**Goal of the exercise:**
Among the entries below, determine how many lines contain the word "Photo" and state only that figure.

____

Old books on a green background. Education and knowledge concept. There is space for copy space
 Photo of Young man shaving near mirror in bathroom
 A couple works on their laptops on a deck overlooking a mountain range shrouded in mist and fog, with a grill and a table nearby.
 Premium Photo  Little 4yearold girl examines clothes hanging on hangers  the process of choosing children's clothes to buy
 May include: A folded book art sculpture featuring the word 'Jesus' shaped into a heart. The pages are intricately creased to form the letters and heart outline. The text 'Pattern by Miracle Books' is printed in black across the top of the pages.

____

**Response:**
2